MAKHMUR: Tekoshin remains on a mountain in north Iraq with a rifle threw over her shoulder and a projectile tucked into her cinch, confronting jihadists in "a battle to free ladies". 


Ladies have been battling nearby men in the Kurdistan Workers' Party (PKK) to wrest Mount Makhmur in northern Iraq back from Islamic State (IS) jihadists, whose treatment of ladies makes the battle particularly individual for the many female contenders on the mountain. 

IS-headed aggressors have overwhelmed substantial ranges of Iraq, and the gathering additionally controls noteworthy domain in neighboring Syria, ordering its cruelly prohibitive and ruthless understanding of Islamic law in both nations. 

Tekoshin, 27, says she and other ladies are battling the gathering not just as a result of the danger it postures to Kurds but since it "is against ladies' liberation". 

They don't permit ladies in ranges under their control to go to the business sector and power them to wear headscarves, she says. "Our battle against (the IS) is to protect ladies from them and from that sort of considering." 

Ladies, men convey together 

Exactly 50 ladies are among the warriors on the mountain from the PKK, which dispatched an insurrection for run toward oneself in Turkey in 1984 and has been recorded as a terrorist bunch by nations including the United States, however started peace talks in 2012. 

At the doorway to the mountain town of Makhmur, "The Islamic State" was scribbled on an one-story cement house, however quickly painted over since the PKK took it back. 

Tekoshin says ladies battled side by side with the men in the fight to compel out the jihadists. 

"We typically sort out ourselves in gatherings of four ladies, and I charge one of the gatherings," she clarified, wearing customary Kurdish attire normally seen on men. 

"Yet regarding the matter of battling, we split and we and the men convey together on distinctive fronts. "Kurdish ladies have battled nearby men for a long time in the PKK, its Syrian branch the People's Protection Units (YPG), and to a lesser degree, the Iraqi Kurdish peshmerga powers. 

Asked whether she was hitched, Tekoshin chuckles: "The greater part of us here aren't hitched.
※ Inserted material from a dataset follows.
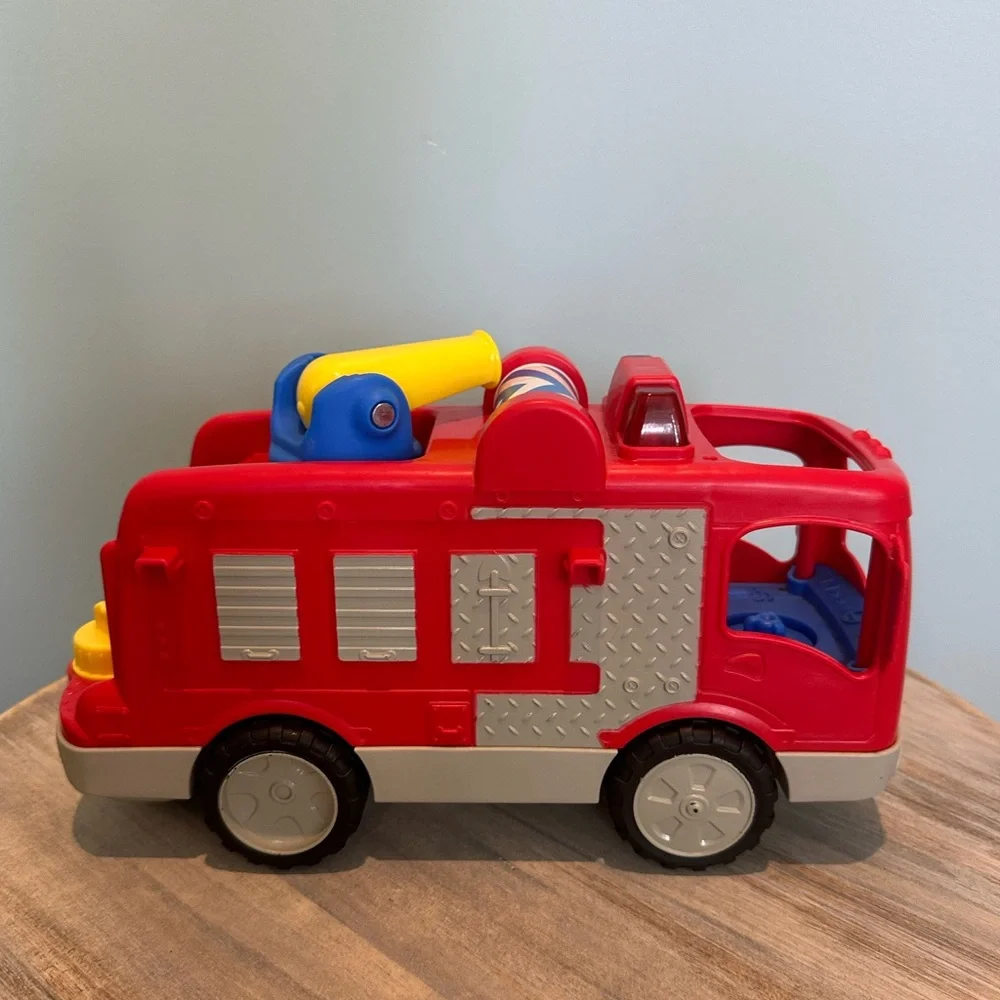 Fisher Price Little People Helping Hands Fire Truck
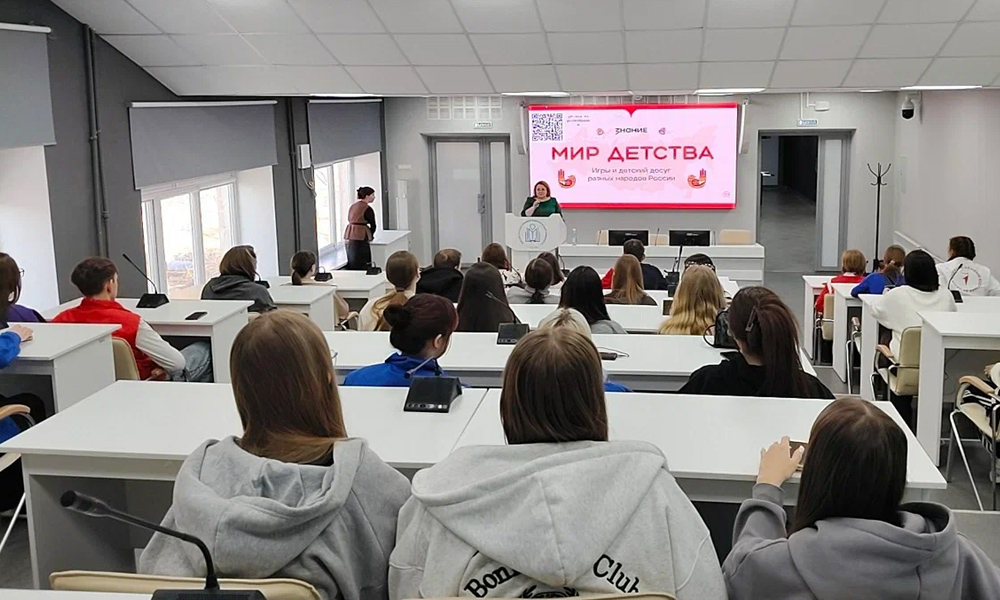 В Омской области запустили образовательный проект для вожатых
I joined the PKK when I was 14 years of age. " 

Tekoshin says the PKK does not preclude its contenders from wedding, yet that it is by and large grimaced upon. 

'More apprehensive about us' 

She likewise discovers diverting the thought that the jihadists may have been amazed by candidly encountering ladies contenders. 

"I think (IS) were more apprehensive about us than of the men," she says, including that she considers "they accept they'll go to heck in the event that they kick the bucket at a lady's hands". 

While Tekoshin says she battles best with her Kalashnikov ambush rifle, Saria, 18, modestly says she feels similarly good with both light and overwhelming automatic weapons and expert rifleman rifles. 

Saria experienced childhood in northern Syria, and her two siblings and her sister are at present battling against IS there, she says, including that both her guardians were in the PKK. 

"When I was a youngster, I didn't think I would be a warrior. Anyhow I acknowledged the amount my (Kurdish) country needs me... also I picked this street," she says. 

"It is imperative for us to discover our spot in war, side by side with the men," she says. 

On the mountainside, the PKK warriors carry on with a public life. Typically they alternate cooking, yet in wartime, male volunteers from adjacent Arbil city deal with nourishing the warriors. 

For Shimal, a 26-year-old warrior, the opposition to IS fight is to the extent that solidarity with ladies who have succumbed to the jihadists as it is about the Kurdish national reason. 

IS "transforms ladies into slaves," she says.